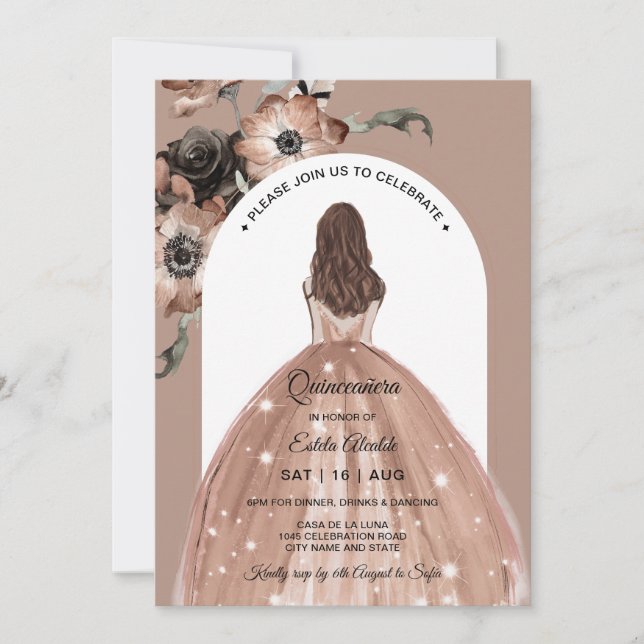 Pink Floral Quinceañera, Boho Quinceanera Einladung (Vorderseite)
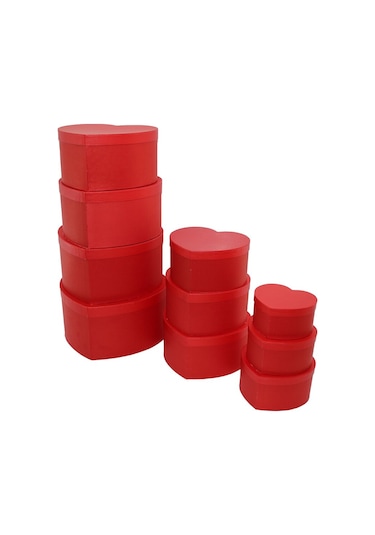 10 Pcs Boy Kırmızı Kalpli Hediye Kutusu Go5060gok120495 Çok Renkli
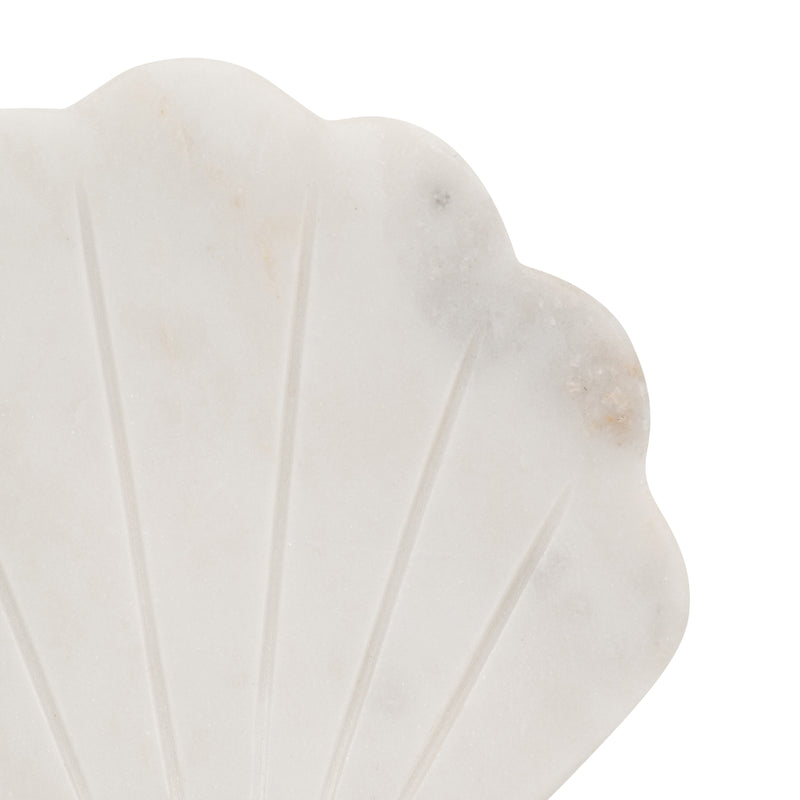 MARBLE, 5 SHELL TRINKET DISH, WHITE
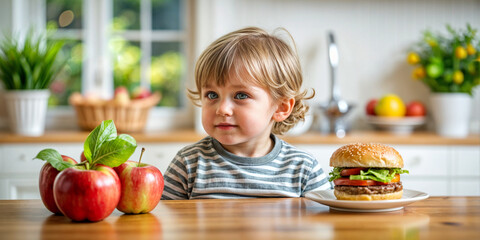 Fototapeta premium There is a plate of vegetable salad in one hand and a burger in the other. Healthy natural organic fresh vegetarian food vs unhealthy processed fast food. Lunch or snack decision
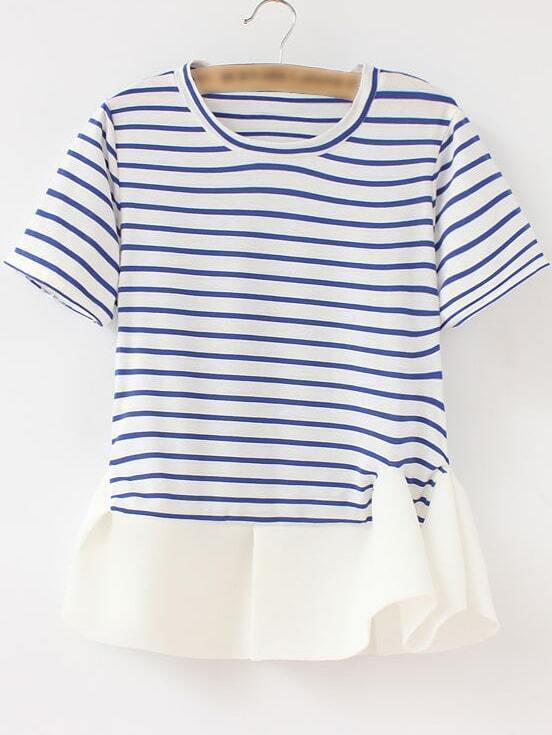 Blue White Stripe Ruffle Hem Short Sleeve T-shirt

---

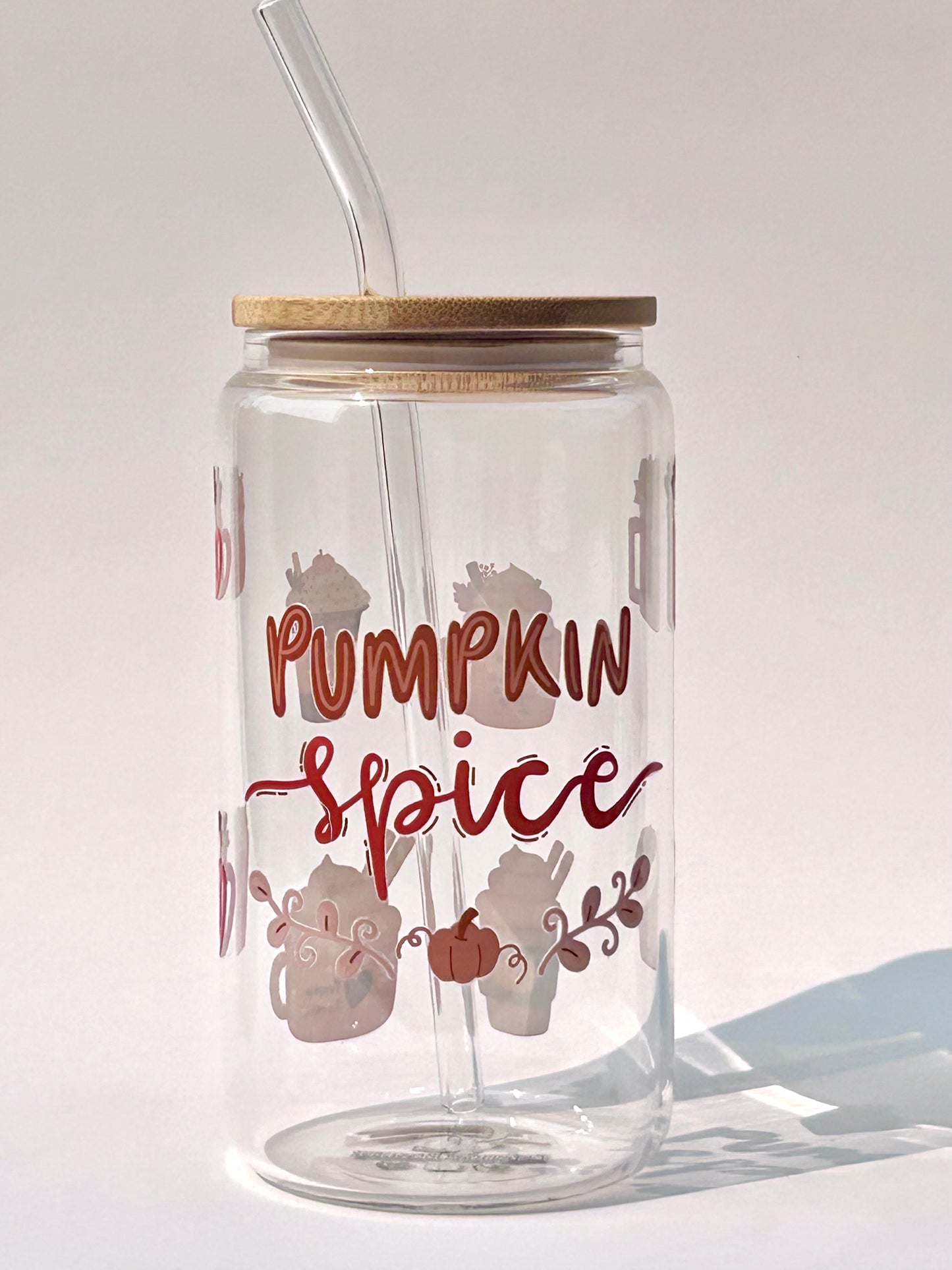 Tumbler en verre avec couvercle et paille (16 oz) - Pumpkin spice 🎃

WORK TASK: Your reply should consist solely of the lines above from the line containing "Pink Floral Quinceañera, Boho" up to and including the line containing "Blue White Stripe", reproduced exactly, minus the pictures.

EXERCISE OUTPUT:
 Pink Floral Quinceañera, Boho Quinceanera Einladung (Vorderseite)
 10 Pcs Boy Kırmızı Kalpli Hediye Kutusu Go5060gok120495 Çok Renkli
 MARBLE, 5 SHELL TRINKET DISH, WHITE
 Fototapeta premium There is a plate of vegetable salad in one hand and a burger in the other. Healthy natural organic fresh vegetarian food vs unhealthy processed fast food. Lunch or snack decision
 Blue White Stripe Ruffle Hem Short Sleeve T-shirt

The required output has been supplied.